A federal issue is not necessary to resolve Friends’s fraud claim. Friends alleges Right On committed fraud by nondisclosure because it failed to provide pre-sale disclosures required under Texas and federal law. Doc. 1-5, Pet., § II, ¶ 42. But Friends could succeed on its claim solely by showing that Right On failed to make disclosures required by the TBOA. See id. § II, ¶¶ 34, 42. Accordingly, a federal issue is not necessarily raised in Friends’s fraud by nondisclosure claim. See Goffney, 897 F. Supp. 2d at 526.

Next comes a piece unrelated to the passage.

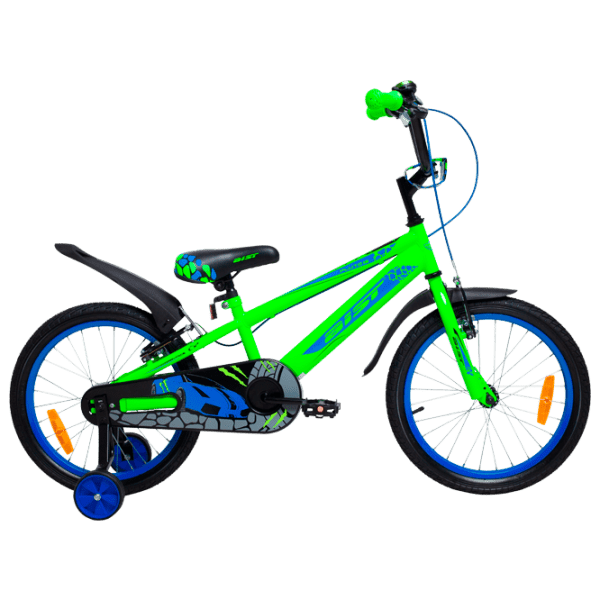 Bicicletă Aist Pluto 18 18 18" 18" Green Blue Oțel / Pentru copii photo 1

Right On argues that Friends’s fraud claim necessarily raises a federal issue because it alleges Right On failed to comply with the FTC Franchise Rule. Doc. 8, Def.’s Br., 5–6. Doc. 9, Def.’s Resp., 4–5. But Right On concedes that the FTC Franchise Rule does not provide a cause of action. Doc. 8, Def.’s Br., 10. Right On contends that Friends’s claims nevertheless necessarily raise a federal issue because a court must determine “whether Friends can privately enforce the FTC Franchise Rule through state law claims.” Id. at 3; see also Doc. 9, Def.’s Resp., 5. But a court could determine that Right On did not make required disclosures under the TBOA by interpreting the TBOA’s terms.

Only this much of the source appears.